A shift in arguments for AI risk

Link post

The linked post is work done by Tom Sit­tler while at FHI. I think this sort of ex­pos­i­tory and an­a­lytic work is very valuable, so I’m cross-post­ing it here (with his per­mis­sion). Below is an ex­tended sum­mary; for the full doc­u­ment, see his linked blog post.

Many peo­ple now work on en­sur­ing that ad­vanced AI has benefi­cial con­se­quences. But mem­bers of this com­mu­nity have made sev­eral quite differ­ent ar­gu­ments for pri­ori­tis­ing AI.

Early ar­gu­ments, and in par­tic­u­lar Su­per­in­tel­li­gence, iden­ti­fied the “al­ign­ment prob­lem” as the key source of AI risk. In ad­di­tion, the book re­lies on the as­sump­tion that su­per­in­tel­li­gent AI is likely to emerge through a dis­con­tin­u­ous jump in the ca­pa­bil­ities of an AI sys­tem, rather than through grad­ual progress. This as­sump­tion is cru­cial to the ar­gu­ment that a sin­gle AI sys­tem could gain a “de­ci­sive strate­gic ad­van­tage”, that the al­ign­ment prob­lem can­not be solved through trial and er­ror, and that there is likely to be a “treach­er­ous turn”. Hence, the dis­con­ti­nu­ity as­sump­tion un­der­lies the book’s con­clu­sion that ex­is­ten­tial catas­tro­phe is a likely out­come.

The ar­gu­ment in Su­per­in­tel­li­gence com­bines three fea­tures: (i) a fo­cus on the al­ign­ment prob­lem, (ii) the dis­con­ti­nu­ity as­sump­tion, and (iii) the re­sult­ing con­clu­sion that an ex­is­ten­tial catas­tro­phe is likely.

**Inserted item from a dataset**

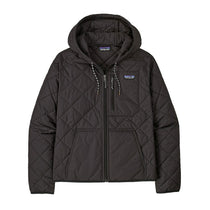 Patagonia Women Black w/Black Diamond Quilted Insulated Bomber Hoody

Ar­gu­ments that aban­don some of these fea­tures have re­cently be­come promi­nent. They also gen­er­ally tend to have been made in less de­tail than the early ar­gu­ments.

One line of ar­gu­ment, pro­moted by Paul Chris­ti­ano and Katja Grace, drops the dis­con­ti­nu­ity as­sump­tion, but con­tinues to view the al­ign­ment prob­lem as the source of AI risk. Even un­der more grad­ual sce­nar­ios, they ar­gue that, un­less we solve the al­ign­ment prob­lem be­fore ad­vanced AIs are widely de­ployed in the econ­omy, these AIs will cause hu­man val­ues to even­tu­ally fade from promi­nence. They ap­pear to be ag­o­nis­tic about whether these harms would war­rant the la­bel “ex­is­ten­tial risk”.

More­over, oth­ers have pro­posed AI risks that are un­re­lated to the al­ign­ment prob­lem. I dis­cuss three of these: (i) the risk that AI might be mi­sused, (ii) that it could make war be­tween great pow­ers more likely, and (iii) that it might lead to value ero­sion from com­pe­ti­tion. Th­ese ar­gu­ments don’t cru­cially rely on a dis­con­ti­nu­ity, and the risks are rarely ex­is­ten­tial in scale.

It’s not always clear which of the ar­gu­ments ac­tu­ally mo­ti­vates mem­bers of the benefi­cial AI com­mu­nity. It would be use­ful to clar­ify which of these ar­gu­ments (or yet other ar­gu­ments) are cru­cial for which peo­ple. This could help with eval­u­at­ing the strength of the case for pri­ori­tis­ing AI, de­cid­ing which strate­gies to pur­sue within AI, and avoid­ing costly mi­s­un­der­stand­ing with sym­pa­thetic out­siders or scep­tics.